- [TASK] Produce a verbatim copy of the data below that contains no pictures.

- [COLLECTED DATA]
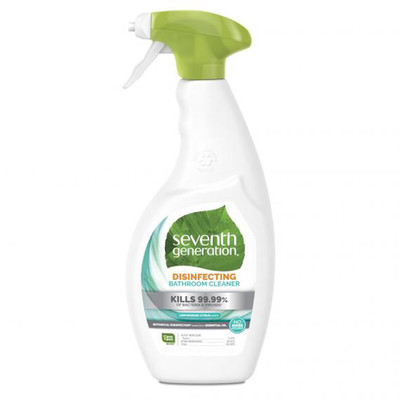 Seventh Generation Professional Disinfecting Bathroom Cleaner, Lemongrass Citrus, 32 oz Spray Bottle - Part Number: 8301-07701
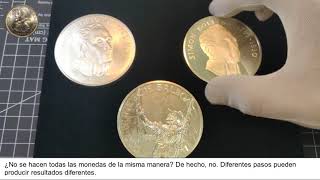 Tipos de acabado en la moneda de Panamá Proof Unc y Mate [upl. by Elidad]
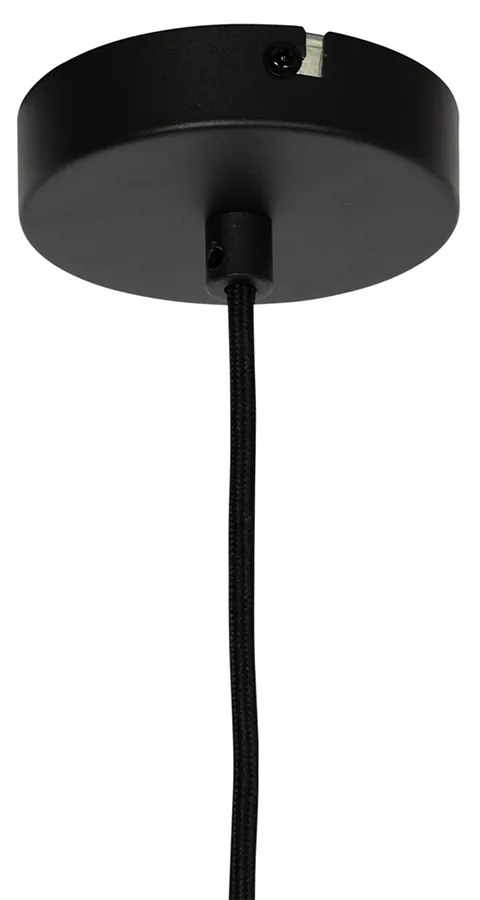 Модерна висяща лампа черна с опалово стъкло - Drop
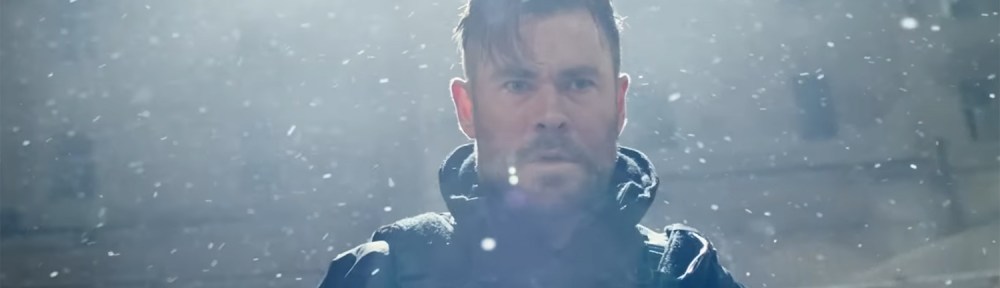 Chris Hemsworth hit in the head.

- [OUTPUT OF THE TASK]
 Seventh Generation Professional Disinfecting Bathroom Cleaner, Lemongrass Citrus, 32 oz Spray Bottle - Part Number: 8301-07701
 Tipos de acabado en la moneda de Panamá Proof Unc y Mate [upl. by Elidad]
 Модерна висяща лампа черна с опалово стъкло - Drop
 Chris Hemsworth hit in the head.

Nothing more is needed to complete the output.